> What needs to be done
Lines from the one with "Long Sleeve Pocket" up to and including the one with "Cambodia with love." are to be copied exactly from the records below, without their pictures.

> Records to use
>>>
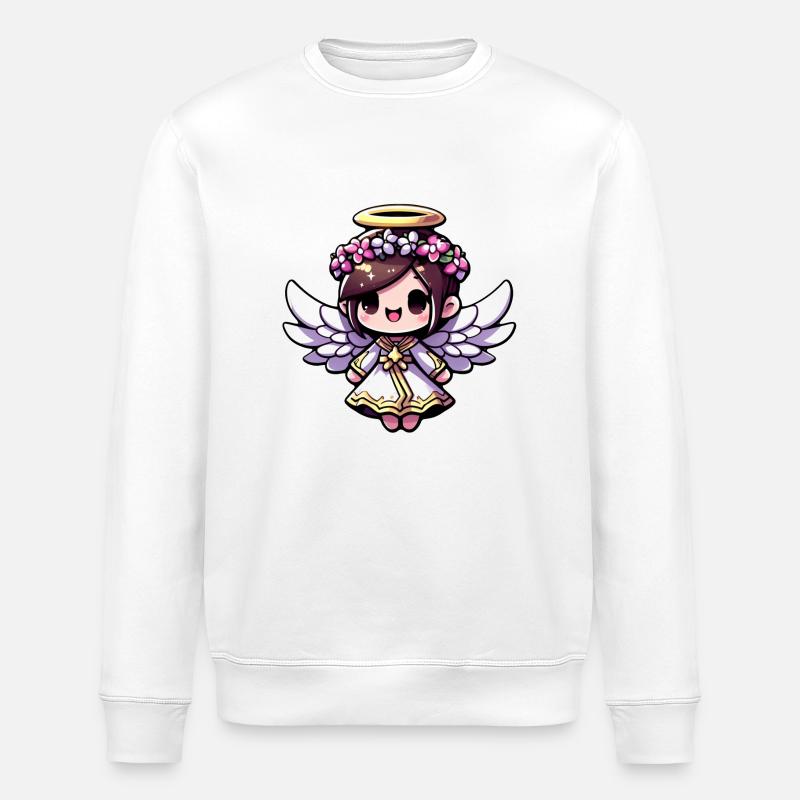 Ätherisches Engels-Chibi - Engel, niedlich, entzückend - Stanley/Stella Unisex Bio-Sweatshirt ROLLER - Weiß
<<<
>>>
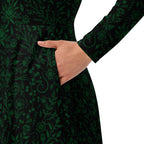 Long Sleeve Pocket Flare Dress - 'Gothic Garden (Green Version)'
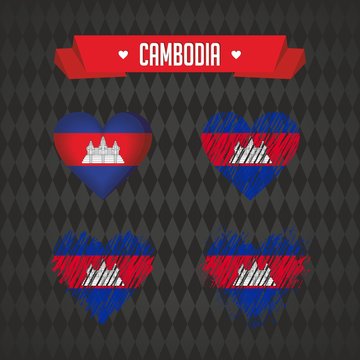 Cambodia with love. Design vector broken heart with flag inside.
<<<
> Written solution
 Long Sleeve Pocket Flare Dress - 'Gothic Garden (Green Version)'
 Cambodia with love. Design vector broken heart with flag inside.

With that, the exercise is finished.